Examples of expr::{ … } from the Standard Library

# 1. Data is an array. Each element is augmented with _Region field.
data = cb(r)::{
  A._Region = ConstIter(r)
}


# 2. push() returns the original object, which is modified in { ... }
F push(s:Set, v) s::{ A.val[v] = true }


# 3. each() returns the original object.
# Since each() in { ... } would return the keys() and not the Set,
# we are working around that with s::{...}
F each(s:Set, cb:Fun) s::{ A.val.keys().each(cb) }


# 4. Return what c_kill() returns unless it's an error
F kill(pid:Int, sig:Int=SIGNALS.TERM) {
  c_kill(pid, sig)::{
    A == -1 throws KillFail("Failed to kill pid $pid with signal $sig")
    A != 0 throws Error("c_kill() did not return 0 or -1")
  }
}

Side note: the comments are for this post, standard library has more meaningful, higher level comments.

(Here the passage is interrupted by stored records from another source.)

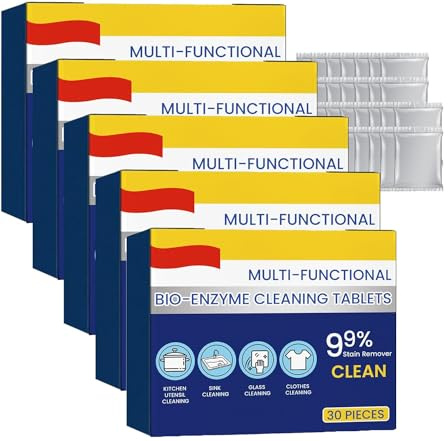 Lot de 5 tablettes de nettoyage multifonctionnelles bio-enzymes, anti-rouille, poudre de nettoyage multi-usages, tablettes de nettoyage pour bouteilles d'eau, nettoyant enzymatique domestique pour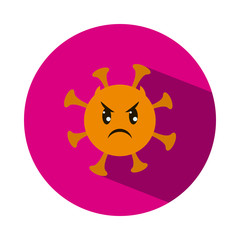coronavirus angry emoji icon, block style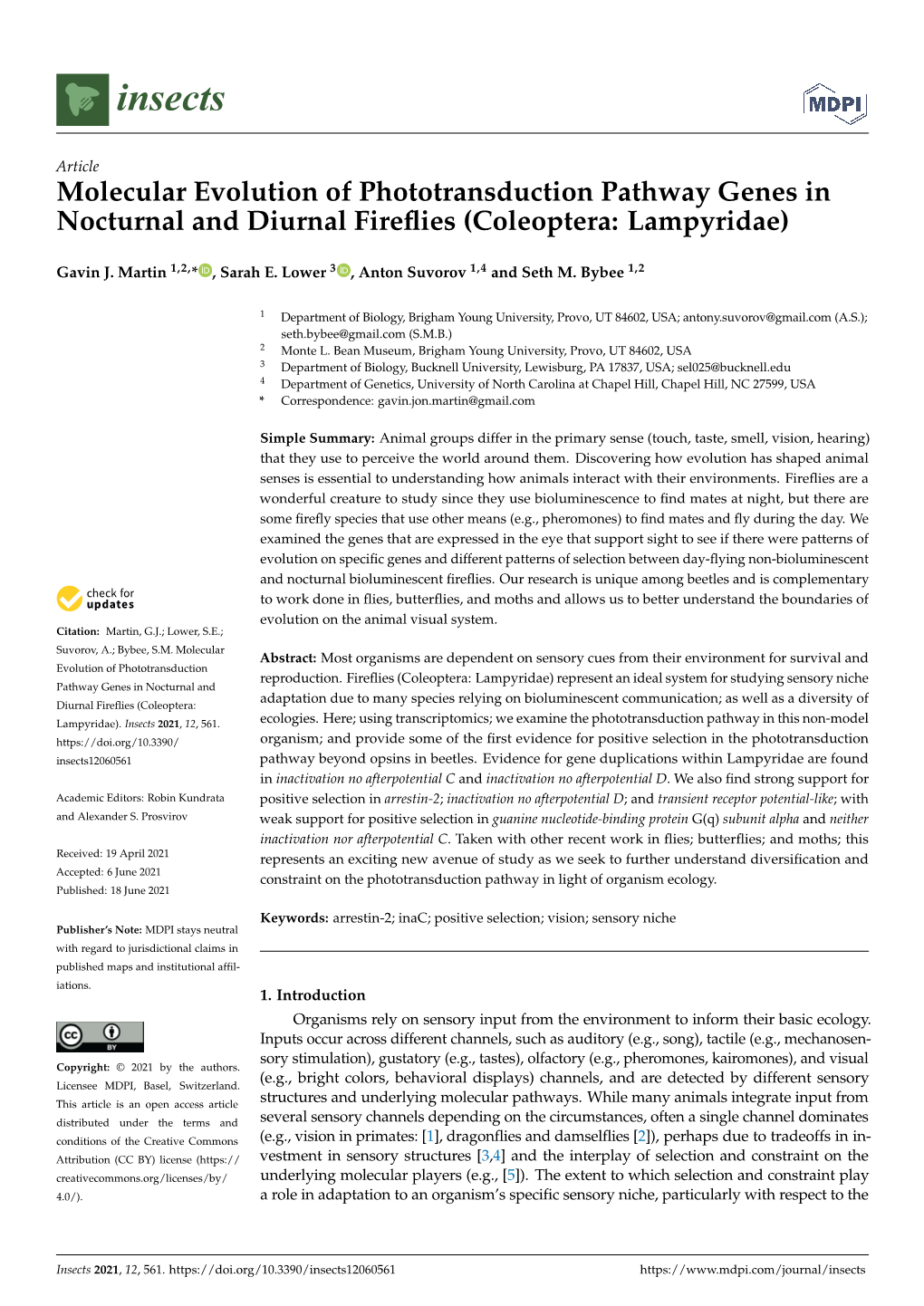 Molecular Evolution of Phototransduction Pathway Genes in Nocturnal and Diurnal Fireﬂies (Coleoptera: Lampyridae)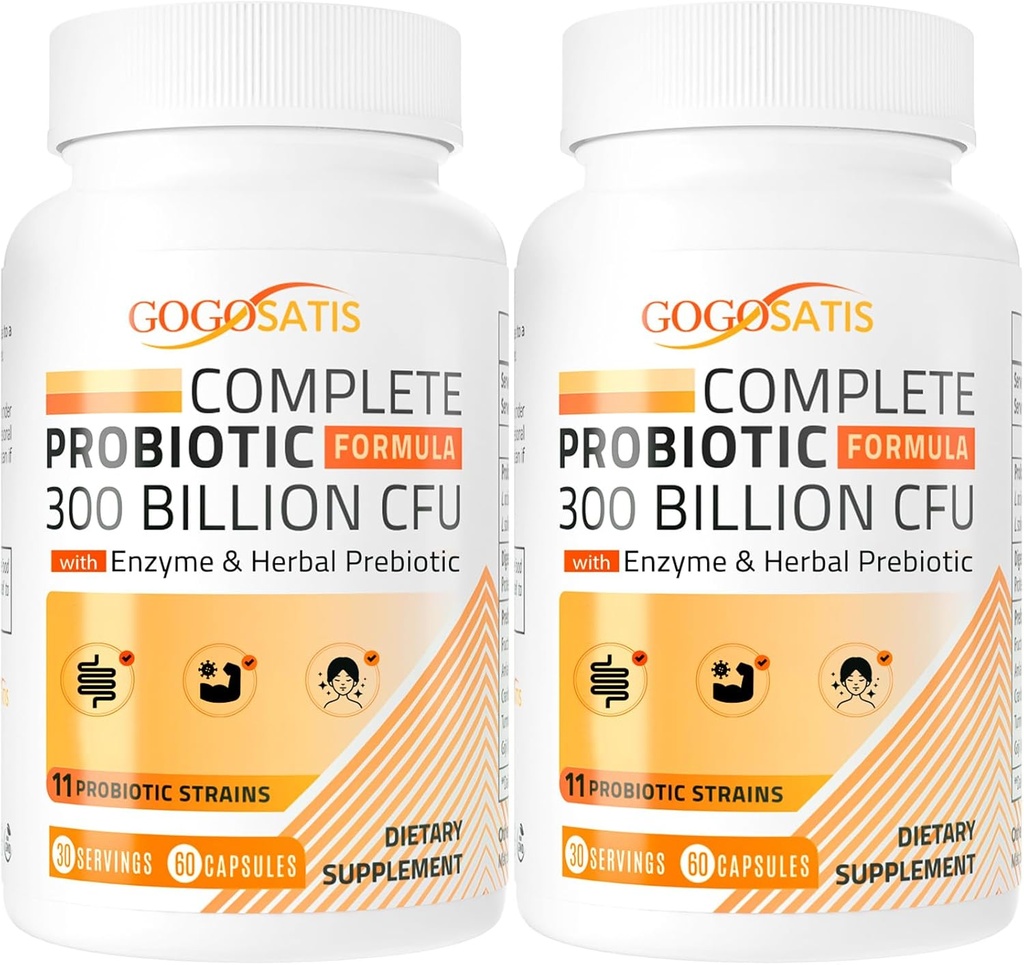 Probiotics for Women & Men, 300 מיליארד CFU 11 סטרינס + אורגני Herbal & Digestive Enzymes, Probiotic for Digestive Health, Gas & Bloating, Immune, Gut Health for Women & Men, Shelf Stable, 120 Caps Stable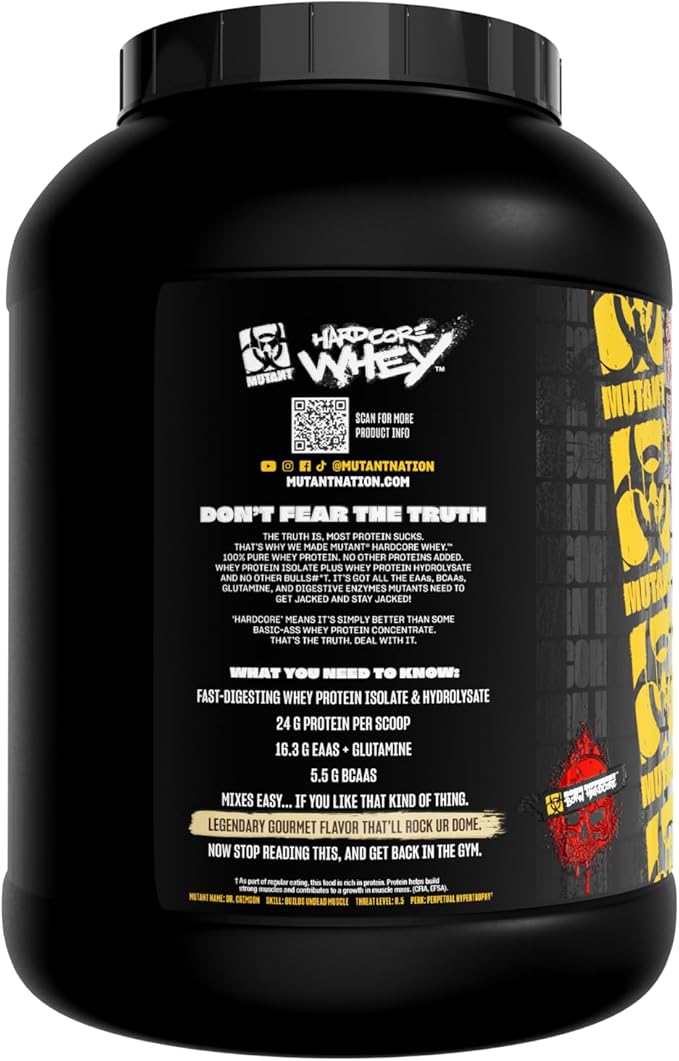 Mutant Hardcore WHEY | 100% Pure Whey Protein | 24g Protein Fast-digesting whey Protein Isolate Plus whey Protein hydrolysate | 70 Servings | 5 LB | Cookies &amp Cream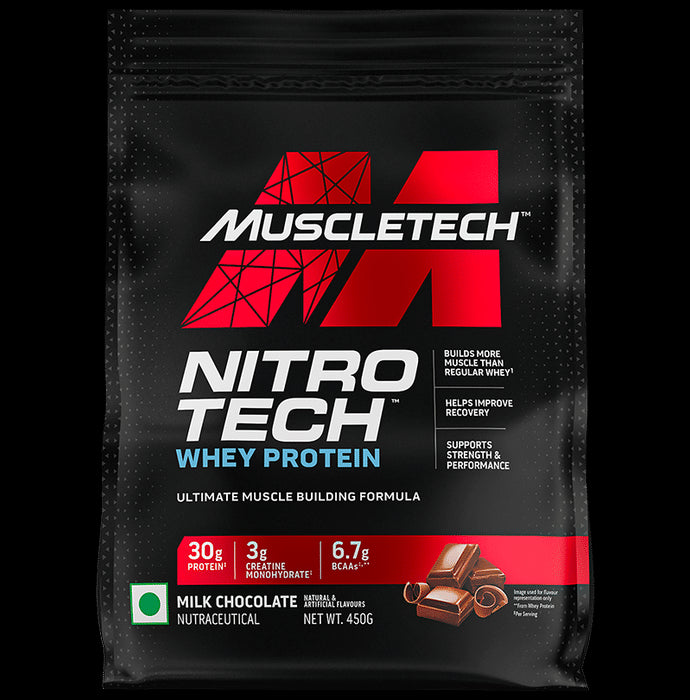 Muscletech Nitro Tech Whey Protein for Muscle Recovery | Flavour Powder Milk Chocolate - Classic Derma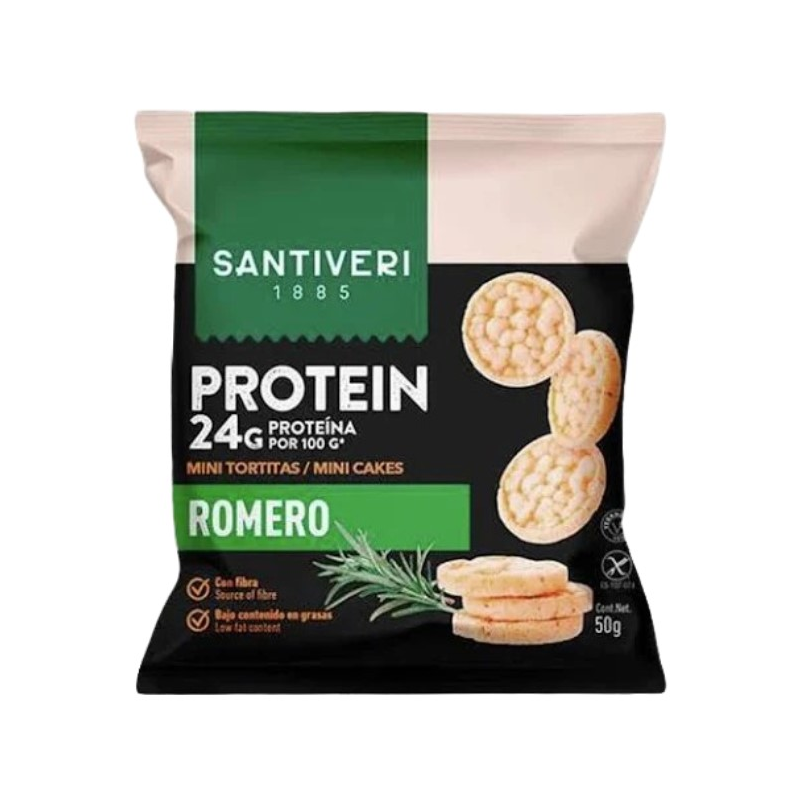 Mini tortitas protein romero 50 g santiveri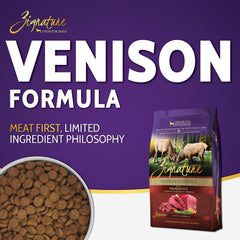 Zignature Venison kibble closeup shows bite-sized pieces for simple, protein-forward meals.
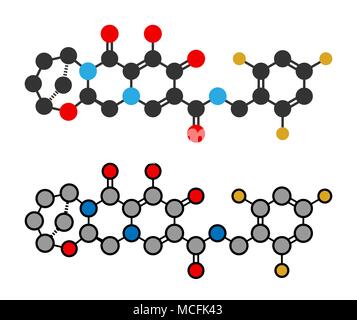 Bictegravir antivirales Medikament Molekül. Stilisierten 2D Renderings. Stock Vektor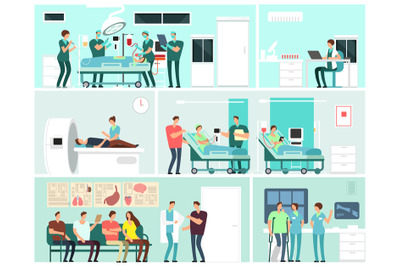 Hospital interiors with patients, doctors, nurse and medical equipment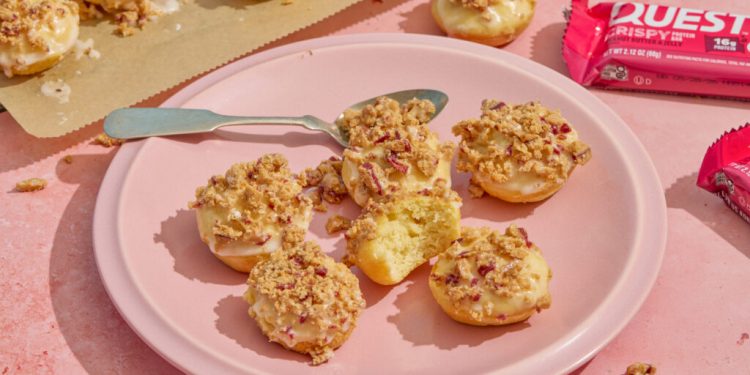 Quest knusprige Erdnussbutter & Helly Donut Protein Löcher Rezept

A Brother Looking for Use Cases

While changing syntax to allow anonymous function after ::, another change was also made: allow anonymous function after . so that one could write expr.{ my arbitrary code } . The whole expression returns what the arbitrary code returns. Unfortunately, I did not come across (or maybe haven’t noticed) real use cases. The appropriate . method in the standard library is defined as follows:

F .(x, f:Fun) f(x)

# Allows
echo(5.{ A * 2 })  # 10

Have any use cases which look less stupid than the above? Let me know.